Kommunikation ist dabei entscheidend, doch hier hapert es manchmal. Insbesondere kleine Unternehmen haben Nachholbedarf. Laut AOK-Bundesverbandschef Martin Litsch sind das vor allem Unternehmen mit weniger als 50 Mitarbeitern (= 98 % der deutschen Unternehmen). „Sie verfügen in den meisten Fällen nicht über Ressourcen, um ein umfangreiches Bündel an Gesundheitsmaßnahmen anzubieten“, so Litsch. Allerdings könnten Betriebspartnerschaften helfen. So biete z.B. die AOK Rheinland/Hamburg Vorträge zum Gesundheitsmanagement an.
Mehrzahl der Befragten wünscht sich Unterstützung
Die Mehrzahl der Befragten bestätigt übrigens die Notwendigkeit, dass ein Unternehmen seinen Beschäftigten bei der Bewältigung kritischer Lebensereignisse zurseite stehen bzw. Unterstützung anbieten sollte. Tritt der Ernstfall ein, sieht die Lage aber anders aus. Tatsächlich sprachen neun von zehn betroffenen Befragten mit niemandem im Unternehmen über ihre Krise. 87 % unterließen es, weil sie überzeugt sind, das Thema gehört nicht an den Arbeitsplatz. 81 % meinten, dass das Unternehmen nicht helfen kann.

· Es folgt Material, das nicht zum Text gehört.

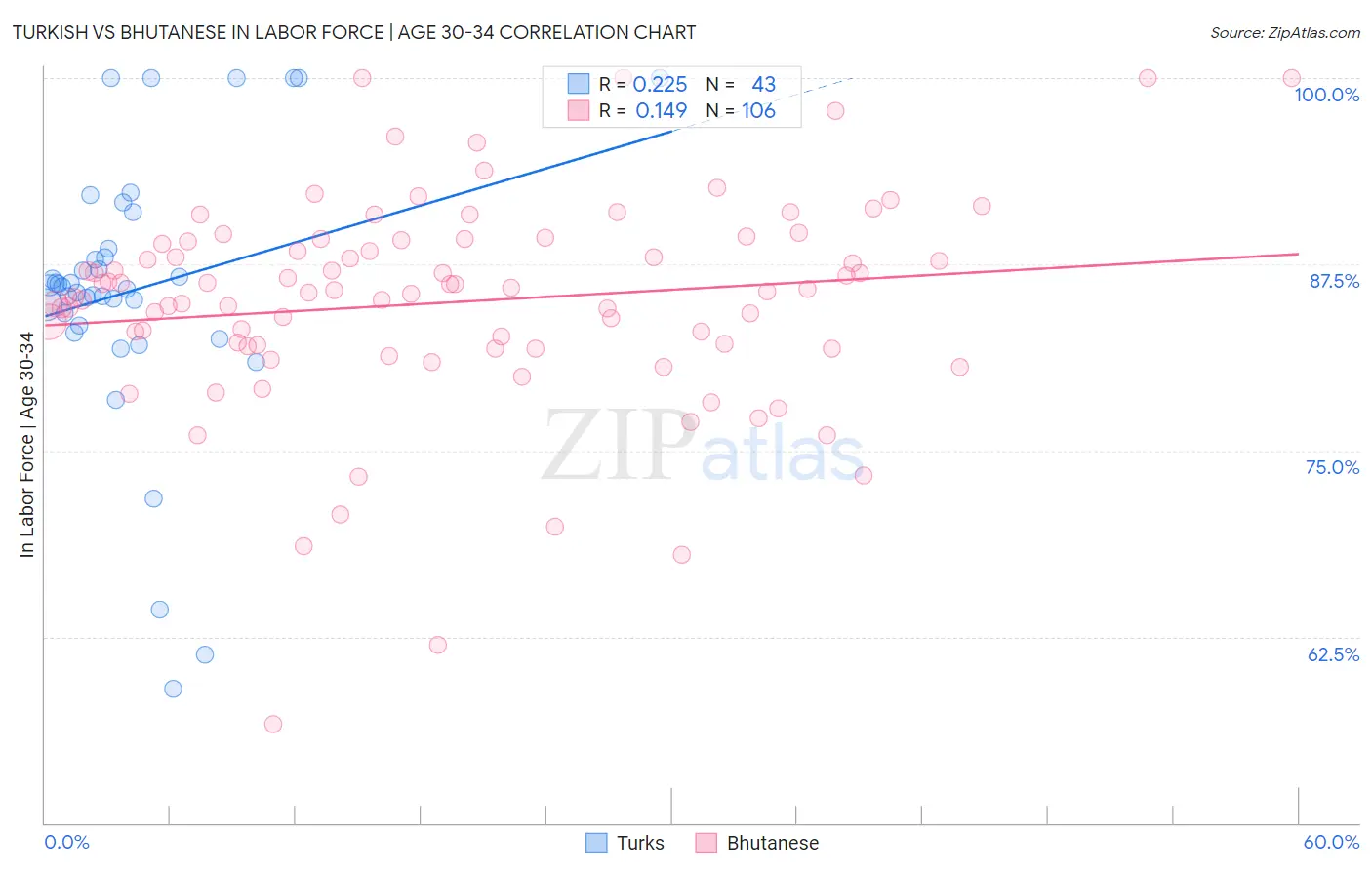 Turkish vs Bhutanese In Labor Force | Age 30-34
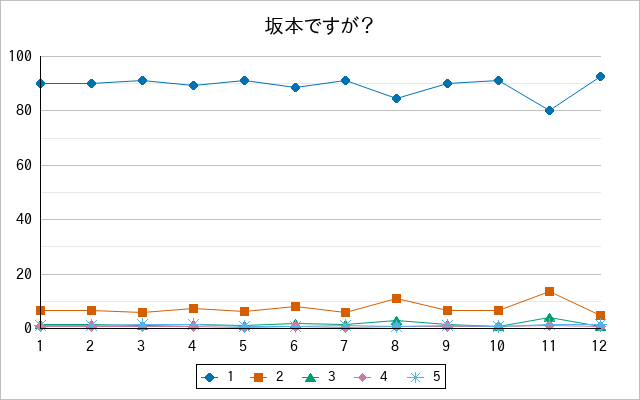 『坂本ですが？』の通常放送回のアンケート結果（「1」～「5」）の推移を表す折れ線グラフ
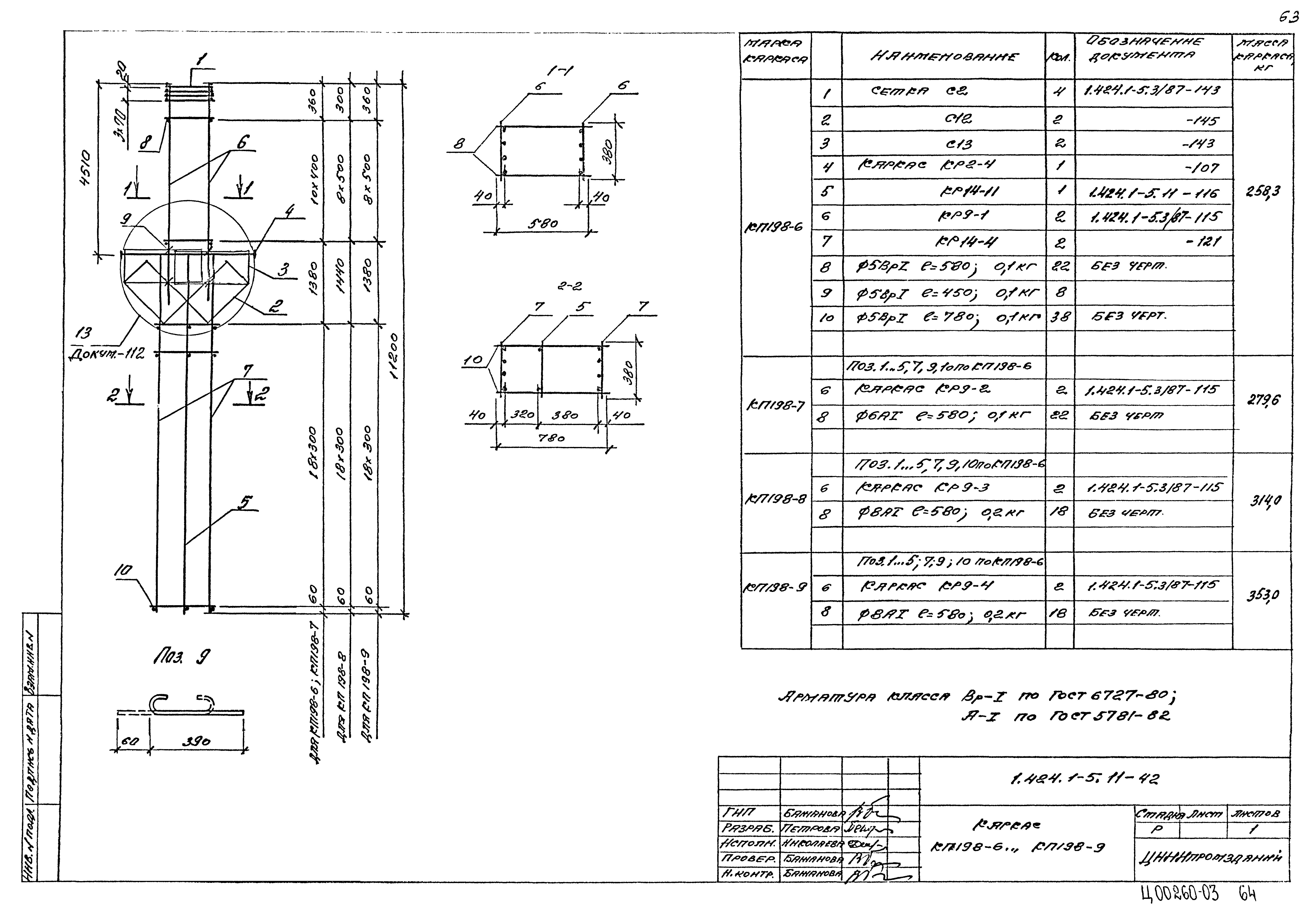 Серия 1.424.1-5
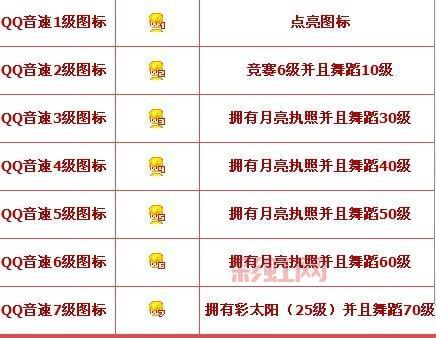 QQ炫舞图标点亮指南：一步步教你完成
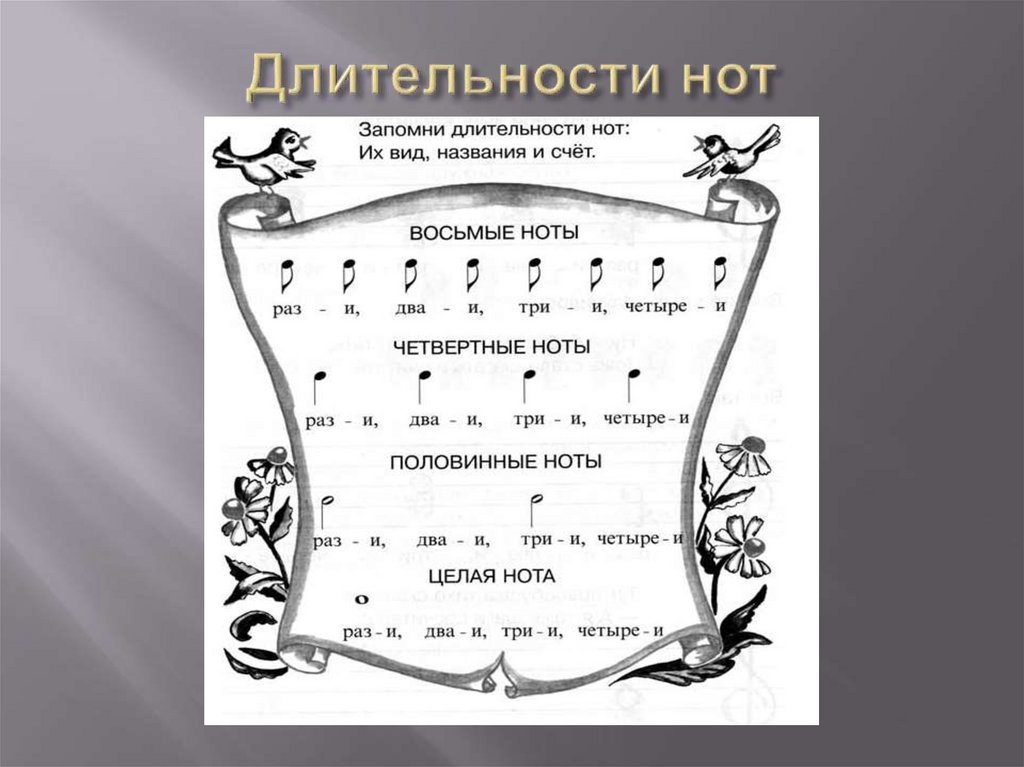 Длительности нот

Gespräche mit dem Chef werden sehr positiv bewertet
In den Fällen, wo geholfen wurde, kam die Unterstützung vorwiegend von Arbeitskollegen (45,6 %). Vorgesetzte waren nur in jedem dritten Fall (28 %) hilfreich, dabei stehen „klärende Gespräche mit dem Vorgesetzten“ bei jedem zweiten Befragten auf der Liste der gewünschten Hilfen ganz oben. Andere Maßnahmen zur Krisenbewältigung sind laut den Befragten: eine andere Arbeitszeitgestaltung, ein anderer Arbeitsplatz, die Schulung und Sensibilisierung von Führungskräften oder auch eine flexiblere Urlaubsregelung.
Laut Fehlzeiten-Report war der Krankenstand 2016 in Deutschland mit 5,3 % im Vergleich zum Vorjahr unverändert. Im Schnitt fehlte jeder Arbeitnehmer wegen Krankschreibung 19,4 Tage. Ansteigend sind jedoch die Fehltage wegen psychischer Erkrankung. 25,7 Tage pro Fall waren es im vergangenen Jahr.